• **WORK TO BE COMPLETED**
Once you reach the line holding "Eladó garázs Budapest IV. kerület 18 nm", write out that line and every later one exactly, ending with the last line of the data; write nothing else.

Saved data entries
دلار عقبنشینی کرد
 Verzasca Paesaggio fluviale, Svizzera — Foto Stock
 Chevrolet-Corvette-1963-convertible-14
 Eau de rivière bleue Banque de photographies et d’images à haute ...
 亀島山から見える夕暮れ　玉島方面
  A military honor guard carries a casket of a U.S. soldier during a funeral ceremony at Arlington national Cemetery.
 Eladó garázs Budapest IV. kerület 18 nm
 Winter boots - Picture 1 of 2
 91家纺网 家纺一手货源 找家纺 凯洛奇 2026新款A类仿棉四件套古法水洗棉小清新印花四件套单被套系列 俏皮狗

• **WORKED SOLUTION**
 Eladó garázs Budapest IV. kerület 18 nm
 Winter boots - Picture 1 of 2
 91家纺网 家纺一手货源 找家纺 凯洛奇 2026新款A类仿棉四件套古法水洗棉小清新印花四件套单被套系列 俏皮狗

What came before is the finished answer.